DIRECTIONS FOR THIS TASK: Return exactly the lines from the one containing "o Advertising Research" through the end of the material below, and leave the images out.

--- PROVIDED INFORMATION Enclosed Below ---

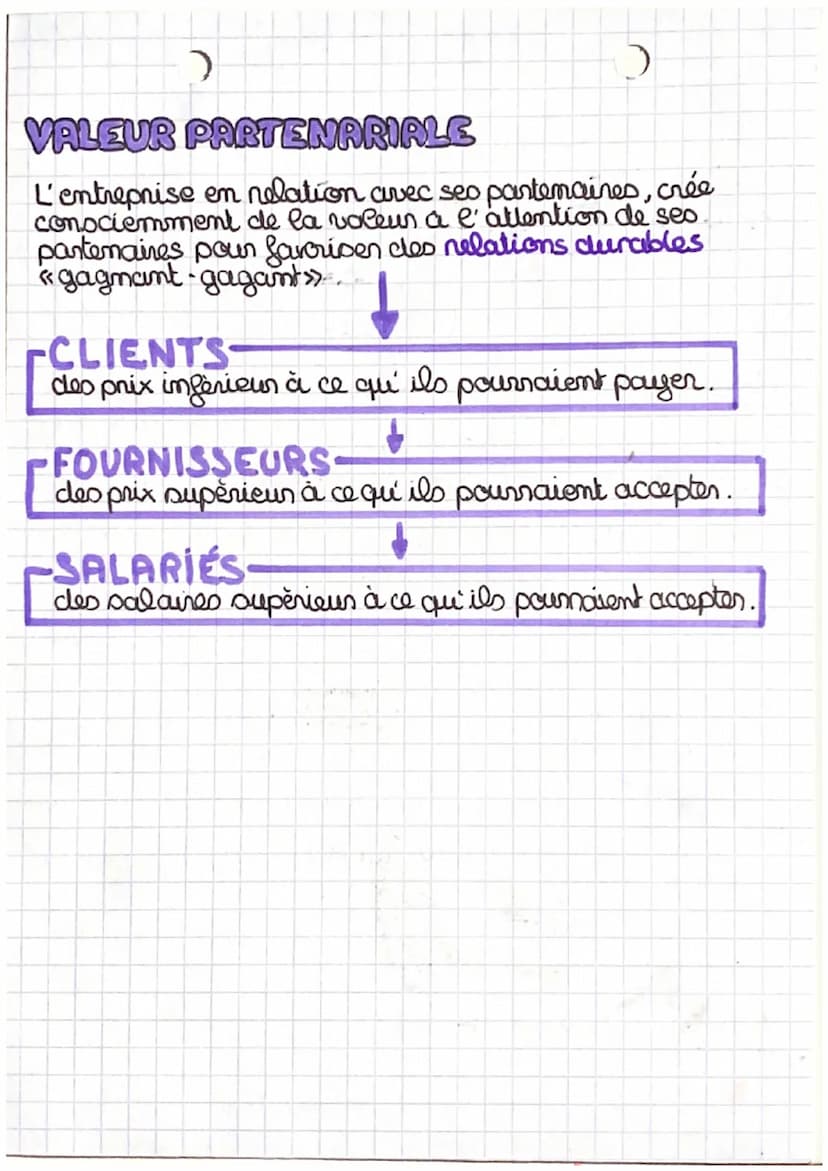 >
GESTION
)
4₂
chapitre 13
VALEUR AJOUTEE
elle mesure la richesse crée et vendue par une
entreprise. La valeur ajoutée se calcule en faisant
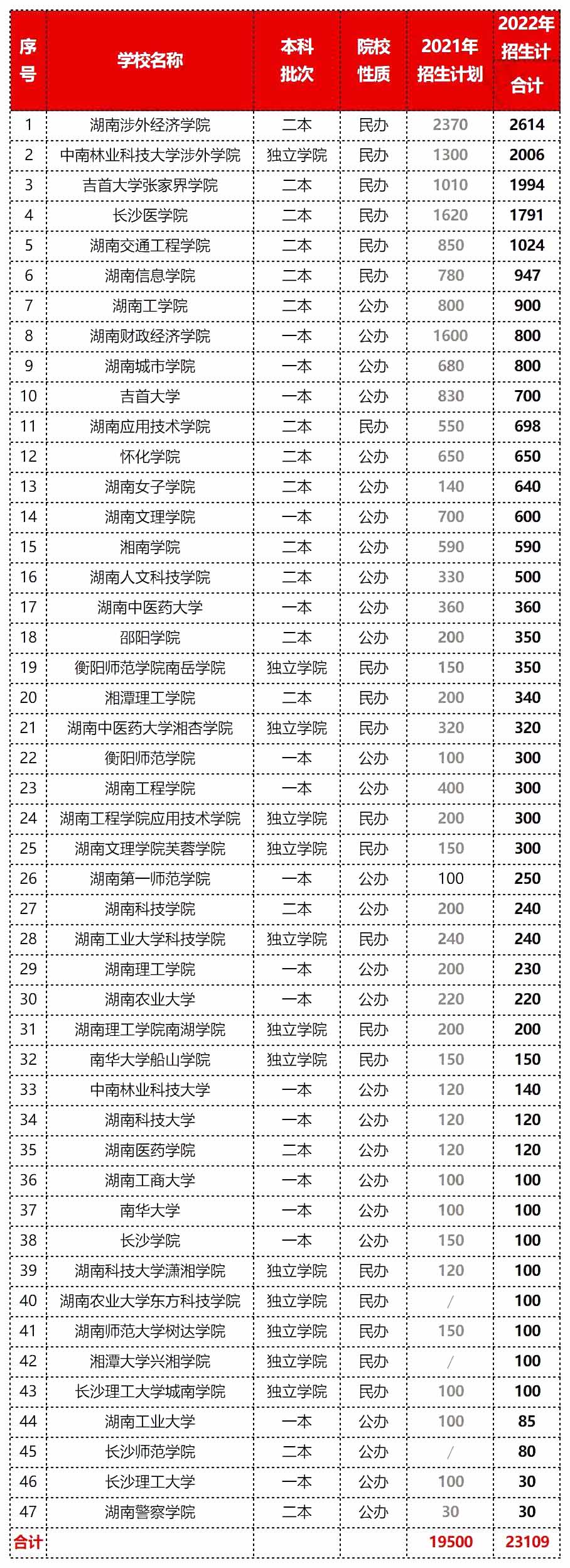 2023年湖南專升本擴(kuò)招壓力更大，報(bào)錄比低得可憐！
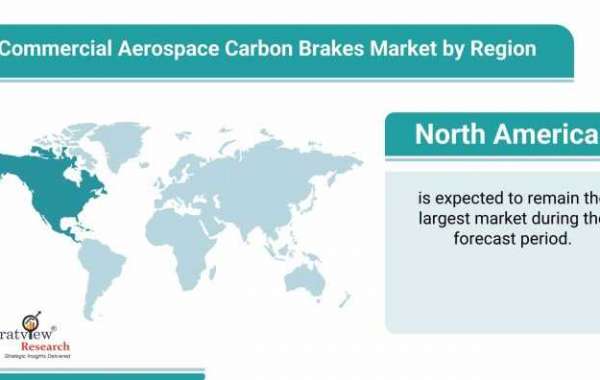 Market Dynamics Driving the Growth of Carbon Brakes in Commercial Aviation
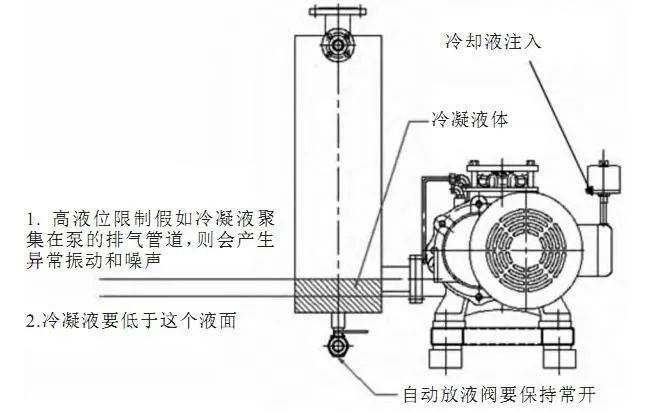 真空泵消音器的原理图图片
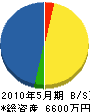 カシマ開発 貸借対照表 2010年5月期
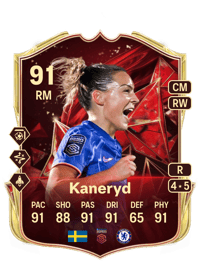 Johanna Kaneryd TOTS Champions 91 OVR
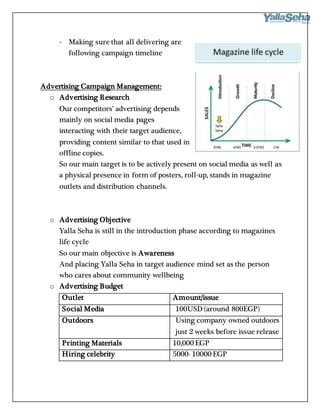 - Making sure that all delivering are
following campaign timeline
Advertising Campaign Management:
o Advertising Research
Our competitors’ advertising depends
mainly on social media pages
interacting with their target audience,
providing content similar to that used in
offline copies.
So our main target is to be actively present on social media as well as
a physical presence in form of posters, roll-up, stands in magazine
outlets and distribution channels.
o Advertising Objective
Yalla Seha is still in the introduction phase according to magazines
life cycle
So our main objective is Awareness
And placing Yalla Seha in target audience mind set as the person
who cares about community wellbeing
o Advertising Budget
Outlet Amount/issue
Social Media 100USD (around 800EGP)
Outdoors Using company owned outdoors
just 2 weeks before issue release
Printing Materials 10,000 EGP
Hiring celebrity 5000- 10000 EGP
 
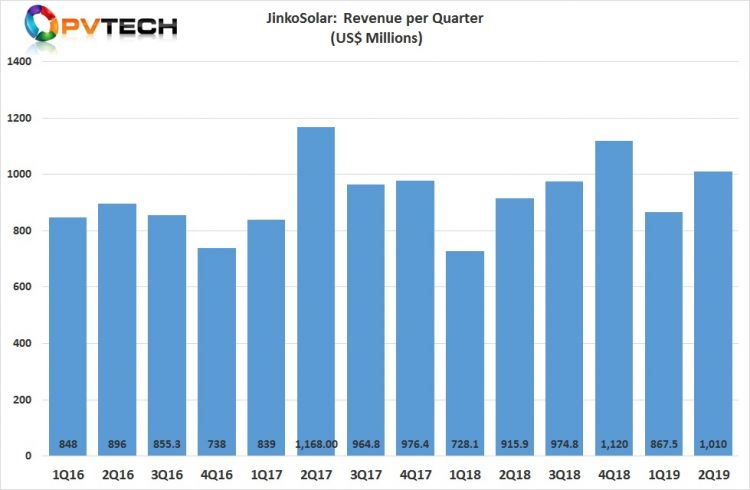 JinkoSolar reported revenue of US$1.01 billion in the second quarter of 2019, an increase of 18.7% (US$867.5 million) from the previous quarter.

--- End of Enclosed PROVIDED INFORMATION ---

SOLUTION FOR THIS EXERCISE:
o Advertising Research
Our competitors’ advertising depends
mainly on social media pages
interacting with their target audience,
providing content similar to that used in
offline copies.
So our main target is to be actively present on social media as well as
a physical presence in form of posters, roll-up, stands in magazine
outlets and distribution channels.
o Advertising Objective
Yalla Seha is still in the introduction phase according to magazines
life cycle
So our main objective is Awareness
And placing Yalla Seha in target audience mind set as the person
who cares about community wellbeing
o Advertising Budget
Outlet Amount/issue
Social Media 100USD (around 800EGP)
Outdoors Using company owned outdoors
just 2 weeks before issue release
Printing Materials 10,000 EGP
Hiring celebrity 5000- 10000 EGP
 
 JinkoSolar reported revenue of US$1.01 billion in the second quarter of 2019, an increase of 18.7% (US$867.5 million) from the previous quarter.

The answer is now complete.